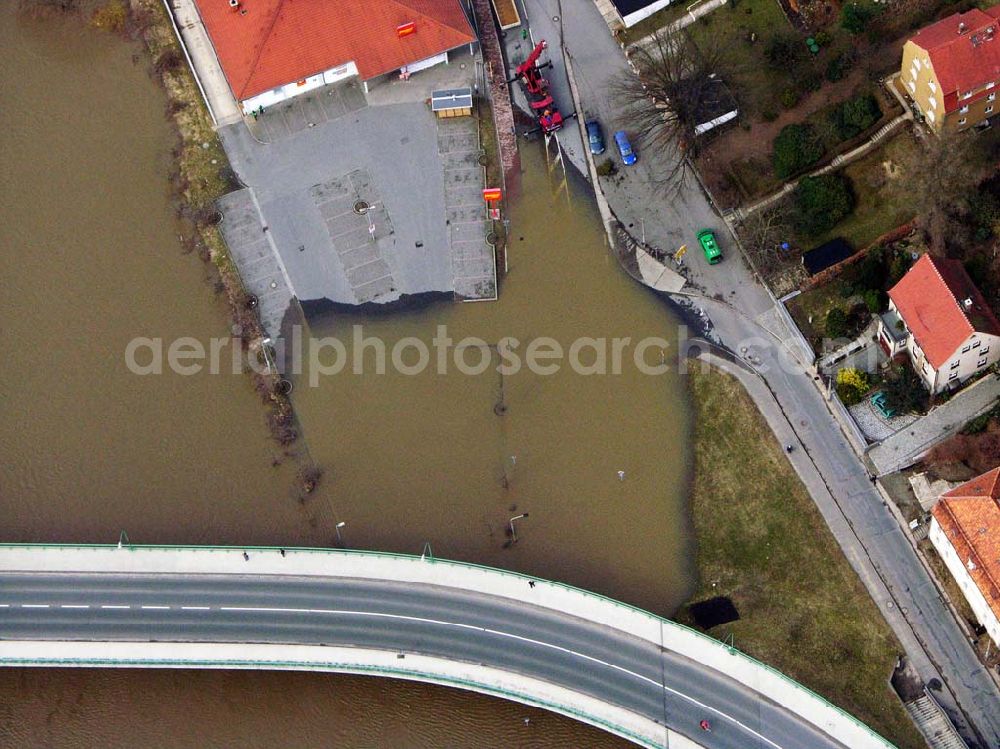 Aerial photograph Bad Schandau - 31.03.2006 Bad Schandau; Hochwasser in Bad Schandau durch die Elbe. Der Pennymarkt in Bad Schandau. 01814 Bad Schandau, Hohensteiner Str. 35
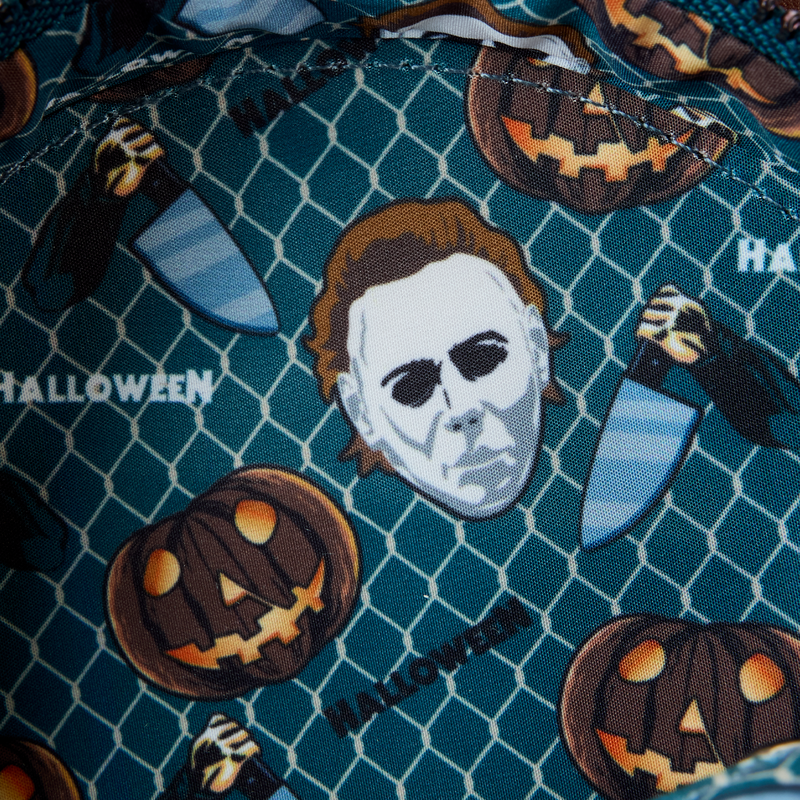 Michael Myers Mask fabric with pumpkins, knives, and a Michael Myers head on a blue grid background.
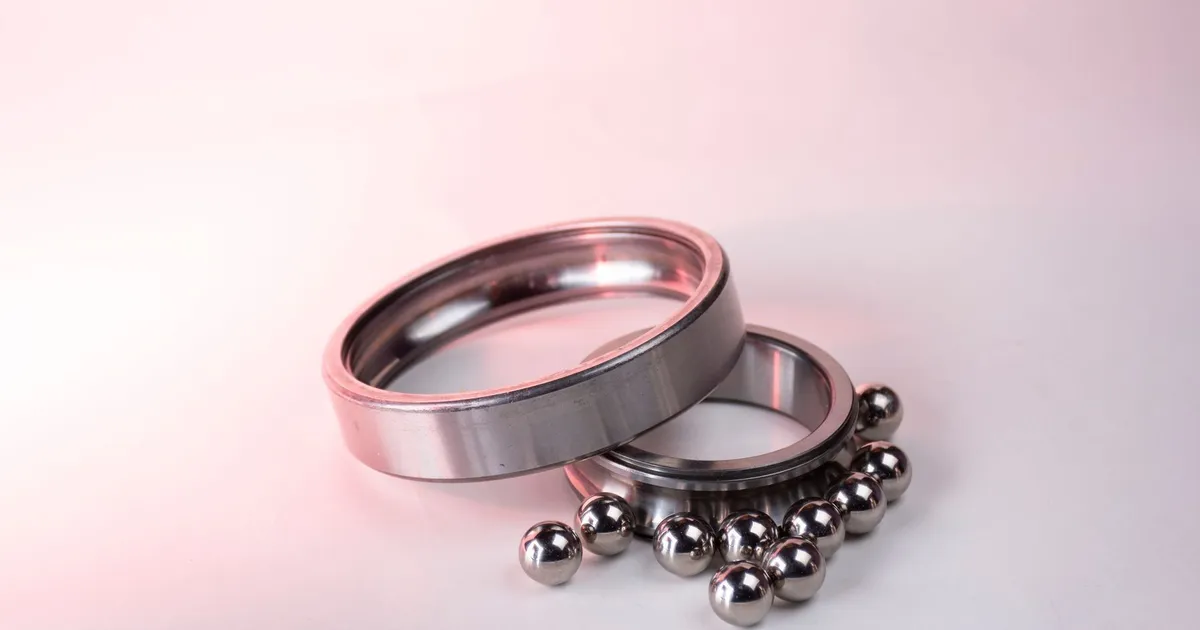 A steel bearing ring and steel balls, the kind of part made by 52100 hard turning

+ + + + +

*Exercise instructions*: Without the pictures, repeat the listing exactly as it reads.

*Problem solution*:
 Aerial photograph Bad Schandau - 31.03.2006 Bad Schandau; Hochwasser in Bad Schandau durch die Elbe. Der Pennymarkt in Bad Schandau. 01814 Bad Schandau, Hohensteiner Str. 35
 Michael Myers Mask fabric with pumpkins, knives, and a Michael Myers head on a blue grid background.
 A steel bearing ring and steel balls, the kind of part made by 52100 hard turning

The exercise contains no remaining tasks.